My 2 (personal) cents:
Try to live with the fact that hashing costs time and hash the whole files with a cryptographically secure hash. Because, when stuff starts hitting the fan… you're better off being slow, instead of being sorry.
EDIT based on your EDIT…
If cryptographic security isn’t your main focus, you could look at MD5 or SHA1. Both MD5 and SHA1 are “cryptographically broken” because collisions have been detected… yet for the change-detection purposes you describe (especially after your EDIT), the likely-ness of hitting such a collision should be minimal enough.
Looking at everything again (including your EDIT), I personally would most probably use MD5, because it offers a usable collision resistance (for change-detection purposes) while still being fast enough to completely hash multi-gigabyte files.
If that still doesn’t satisfy you in a “speed” sense or if your hardware resources are really that limited, you have to try to balance collision-resistance/change-detection with speed. Meaning…
Take the individual timestamp, the individual filename, and hash the header (length depends on media type and used file format) as well as a good chunk from the middle and a good chunk of the tail (= file end). Combine those 5 and you should be able to roughly filter out most
I'd be ok with a ~80% chance of having the correct bookmarks. How many hash pieces should I put together and where in the file would that be?
That’s more of a personal opinion, as it depends on a whole truckload of details (media type, file format, available resources, expected change-detection ratio, file similarity, etc.) so will have to balance that out yourself depending on your personal expectations, your implementations, and local results due to hardware and/or software bottlenecks.
Let me try to provide you with some guidance nevertheless:
If hashing the complete file isn’t an option for whatever reasons, I would – at least – take: the header (and maybe a few KBs more), a good chunk from the middle (at least the size of the “header & co.” part), and a good chunk from the file end (again, at least the size of the “header & co.” part).
The more resources you can invest (or are willing to invest), the more chunks you can take and/or the bigger those chunks can be. If you think your resources/feel/whatever still offers room for more, increase the size of the chunks you hash and/or increase the number of chunks you hash.
Increasing the number of chunks is easy: as all you need to do is to take care of an equal distribution (by dividing the filesize accordingly, resulting in same-size chunks you extract from equally-spaced parts over the whole file-length).

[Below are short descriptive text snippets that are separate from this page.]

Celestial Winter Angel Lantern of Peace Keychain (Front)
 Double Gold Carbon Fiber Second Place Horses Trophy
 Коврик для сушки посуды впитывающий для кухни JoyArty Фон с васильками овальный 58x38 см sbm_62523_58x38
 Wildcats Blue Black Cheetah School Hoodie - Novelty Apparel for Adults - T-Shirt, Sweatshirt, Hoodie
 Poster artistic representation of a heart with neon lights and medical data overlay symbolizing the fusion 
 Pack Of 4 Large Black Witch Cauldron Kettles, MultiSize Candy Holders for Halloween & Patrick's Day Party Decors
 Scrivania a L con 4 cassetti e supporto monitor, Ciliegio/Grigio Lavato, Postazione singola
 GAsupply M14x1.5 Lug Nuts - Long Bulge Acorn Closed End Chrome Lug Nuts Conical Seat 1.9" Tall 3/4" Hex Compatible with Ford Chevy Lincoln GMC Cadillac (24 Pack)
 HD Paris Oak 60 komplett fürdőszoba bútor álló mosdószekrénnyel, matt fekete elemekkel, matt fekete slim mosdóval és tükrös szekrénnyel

And if you’re asking yourself “Why equally distributed and not random chunk-positions?”, let me simply note that picking random chunk positions might practically render your change-detection efforts void since it incorporates the risk of skipping some important parts media where you would normally detect the chances you are aiming to detect. Choosing an equal distribution is – simply said – more neutral.